## What you need to do
Copy exactly the line containing "ピッチでドリブルするカズ（JSC提供）" and all the lines that follow it to the end of the records, minus the pictures.

## Supplied material
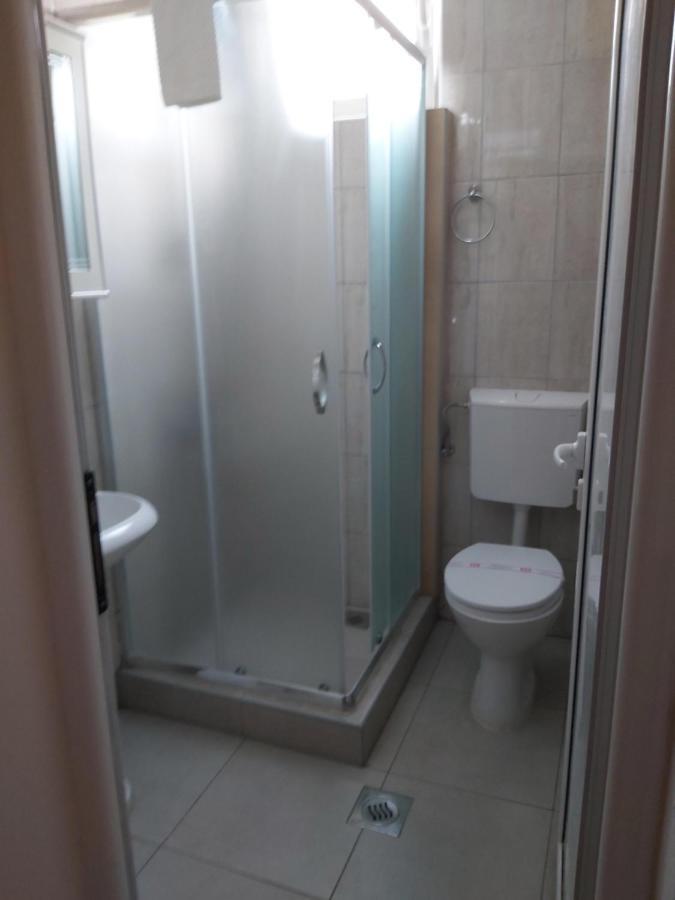 Hotel Zan Ulcinj Kültér fotó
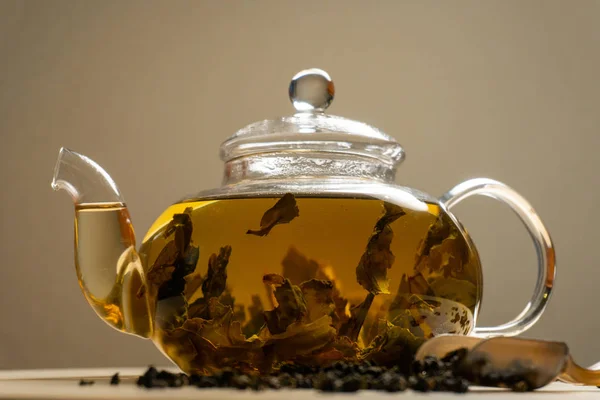中国の緑茶のビューがティーポットの醸造 — ストック写真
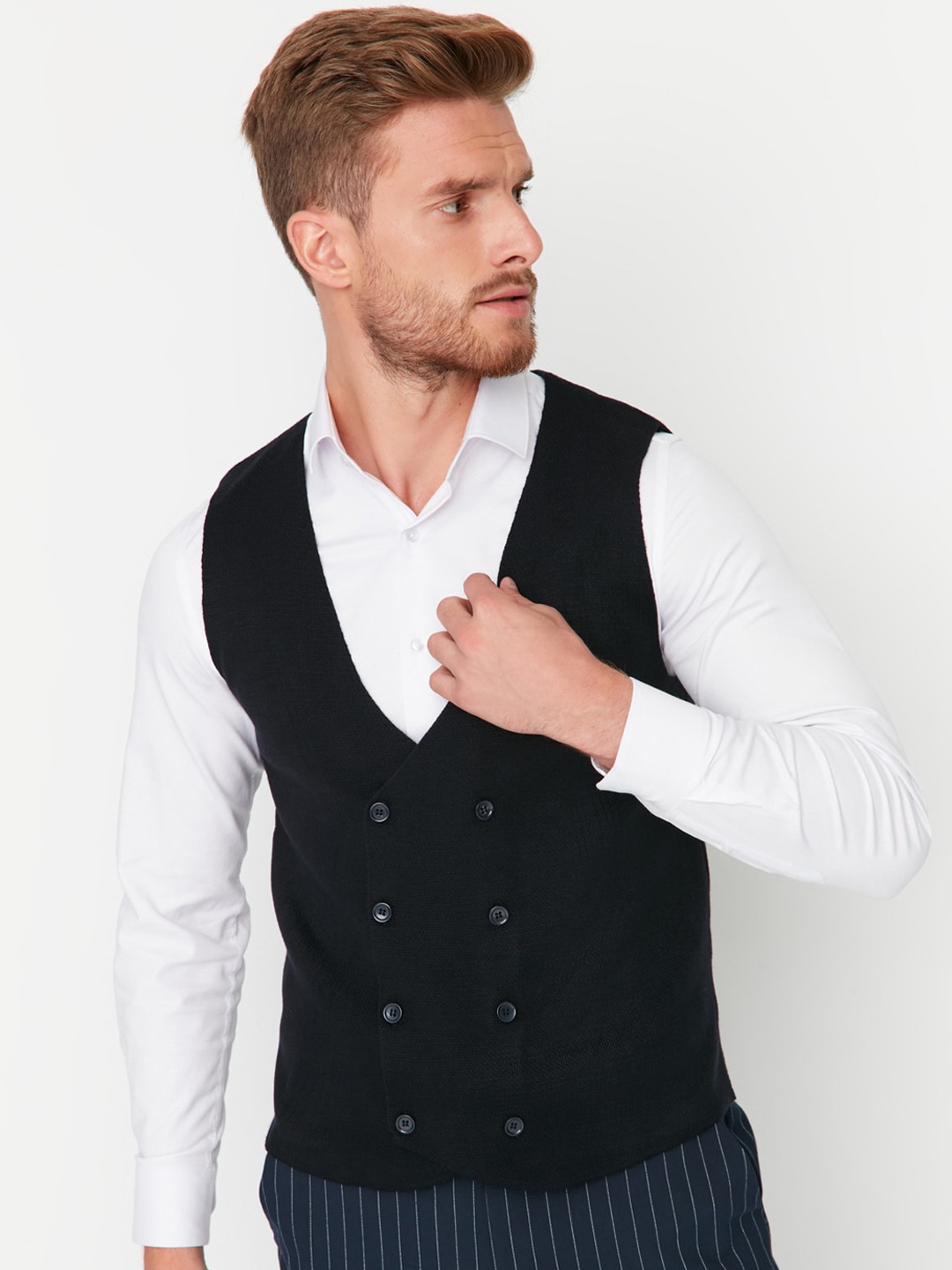 

Trendyol Sleeveless V-Neck Acrylic Waistcoat, Black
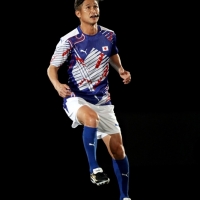 ピッチでドリブルするカズ（JSC提供）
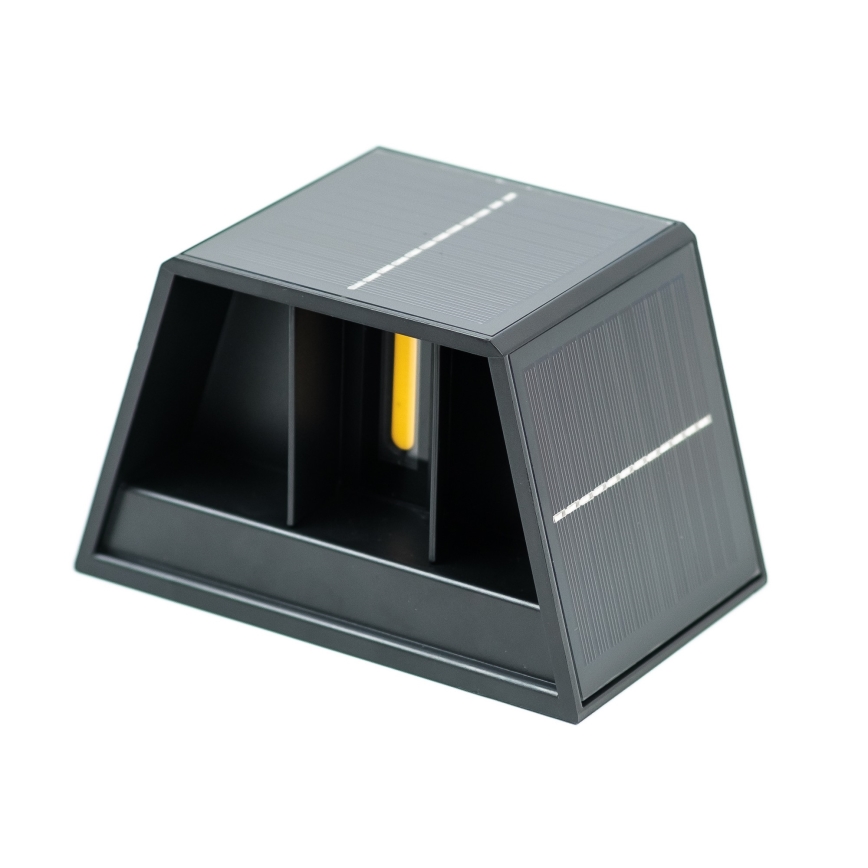 LED napelemes fali lámpa érzékelővel LED/2W/5V IP54 1300 mAh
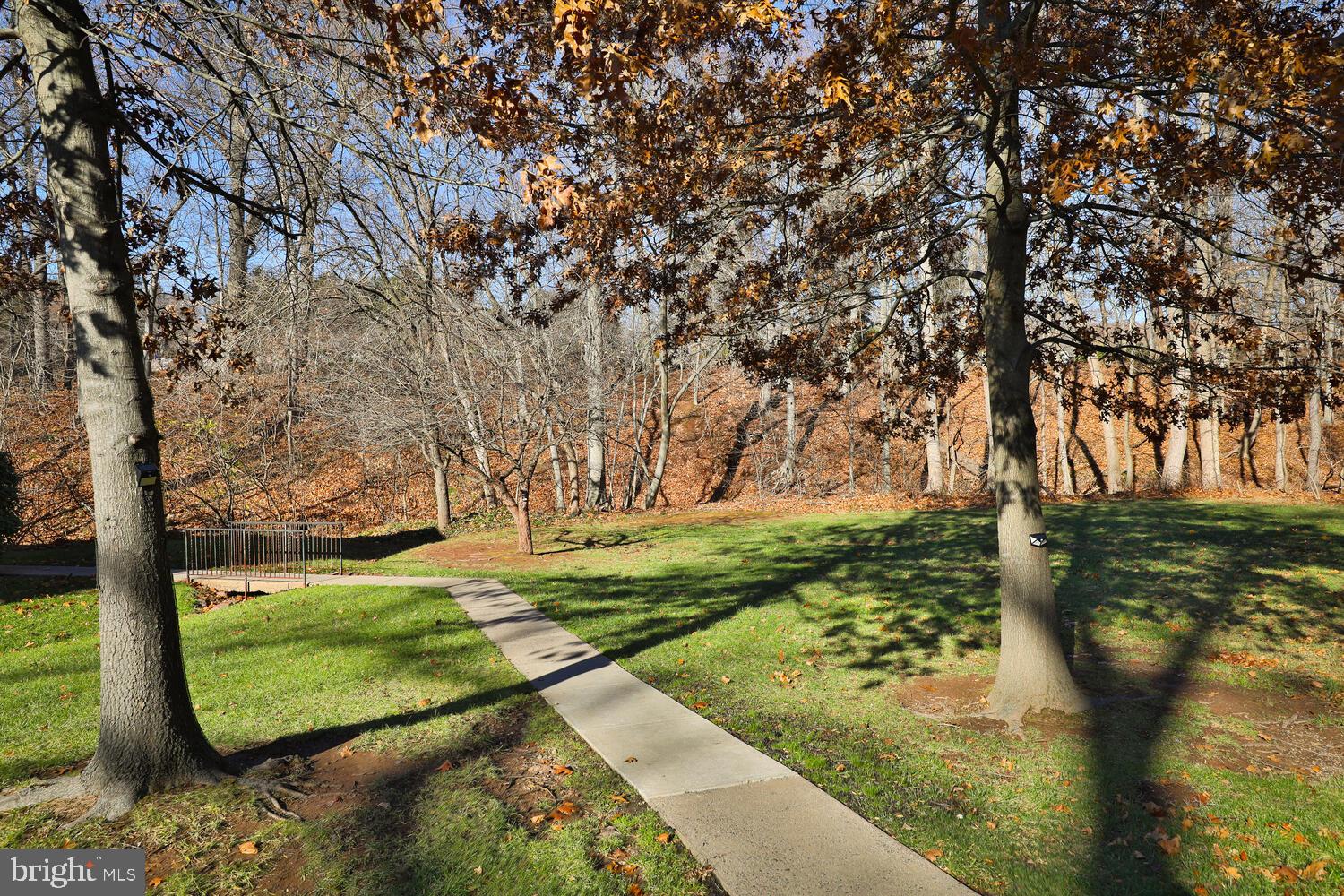 122 Hampstead Dr #122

## Answer area
 ピッチでドリブルするカズ（JSC提供）
 LED napelemes fali lámpa érzékelővel LED/2W/5V IP54 1300 mAh
 122 Hampstead Dr #122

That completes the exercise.